My buddy Tommy called me Thursday about fishing Friday. He had been watching the weather like all the rest of us fish heads. I told him we have jacks, deep drop, triggers, and mingos. He was not interested at all in deep dropping. Some people love it and some don't. He does not care for it. He wanted some jacks and we can go from there. So off we went Friday morning from Destin. Bait was a little tough but we got some trash fish offshore and we had some jigs. First couple stops only produced groupers and snappers. Finally found our jacks and threw back a bunch of groupers and snappers in the mix. The grouper were thick today. The season needs to open soon. Now what, well everyone was tired already and we can be home early. Sounds good. Little Tommy had boiled 80 lbs of crawfish the day before and brought about 10 lbs. We eat on them all day. Back in early and home early. I love those days. Good times with good friends, good food, and fishing all at the same time. Life is so good. 
Looks like rough weather the next few days. Everyone be safe and get out there. Oh Yea, Lots of fish were harmed in the making of this report. :yes:

Capt. Delynn Sigler
Offshore/Deepsea Fishing Guide
(850)689-3133 Hm/Office
(850)758-2165 Cell


----------



## Capt. Delynn (Oct 4, 2007)

another pic


----------



## JoeZ (Sep 30, 2007)

Dang it Delynn!! 

Nice job captain.


----------



## Chris V (Oct 18, 2007)

Nice catch. Its a bittersweet feeling catching big Gags like that out of season


----------



## Realtor (Oct 1, 2007)

nice!


----------



## flounderslayerman (Jun 3, 2011)

It sucks when can't keep gags of that caliber. Fine trip though Delynn !!!


----------



## Tim Gibbs (Dec 13, 2012)

*Tim Gibbs*

Not a chance on being focussed at work today after seeing this! Awesome job Delynn!


----------



## Captain Jake Adams (Oct 3, 2007)

Those are some stud gags, hurry up July 1st! Great job as always captain


----------



## NoCatch (Apr 27, 2008)

Some beautiful fish there, Captain! Love of the Sea and its beautiful bounty!

John


----------



## Capt. Delynn (Oct 4, 2007)

Thanks everyone. We had a blast even though we had to wade through the groupers and snappers. I think we caught 8 or 9 gags and a bunch of big snappers.
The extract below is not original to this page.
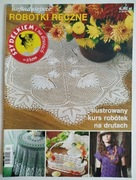 Najładniejsze robótki ręczne. Szydełkiem i na drutach. Nr 2/2019.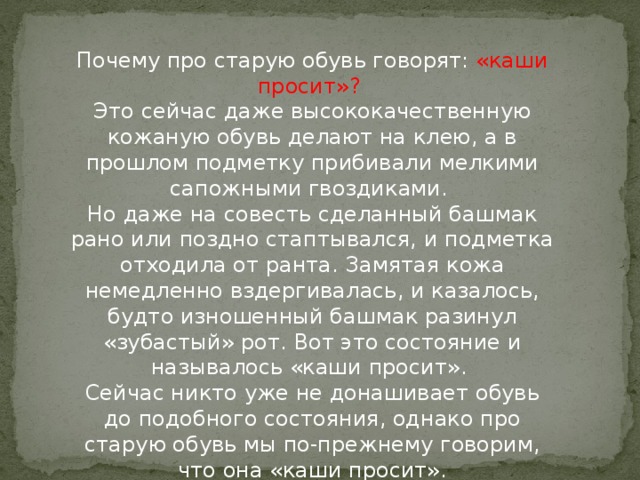 Почему про старую обувь говорят: «каши просит»?   Это сейчас даже высококачественную кожаную обувь делают на клею, а в прошлом подметку прибивали мелкими сапожными гвоздиками.   Hо даже на совесть сделанный башмак рано или поздно стаптывался, и подметка отходила от ранта. Замятая кожа немедленно вздергивалась, и казалось, будто изношенный башмак разинул «зубастый» рот. Вот это состояние и называлось «каши просит».   Сейчас никто уже не донашивает обувь до подобного состояния, однако про старую обувь мы по-прежнему говорим, что она «каши просит».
Everything out there seems to be a nice grade. Course, when its not legal to keep anything, they all get big. I'm with Jake, come on July 1st. I bet I can not find even a small one then. But, I bet I try real hard anyway. It did hurt my little boy feelings that I can not gaff them and have to throw them back!


----------



## DAWGONIT (Jan 16, 2009)

Pretty work on the line-in/line-out syndrome. 
Thanks for sharing & catch 'em up.


----------



## Joerob5 (Feb 5, 2010)

Delynn,

Nice Gags! I cant wait for July 1st.


----------



## lobsterman (Sep 30, 2007)

Captain, those are some slob gags. Awesome job as usual.


----------



## cobe killer (Apr 13, 2008)

great report delynn!!!! beautiful gags and a stud aj.


----------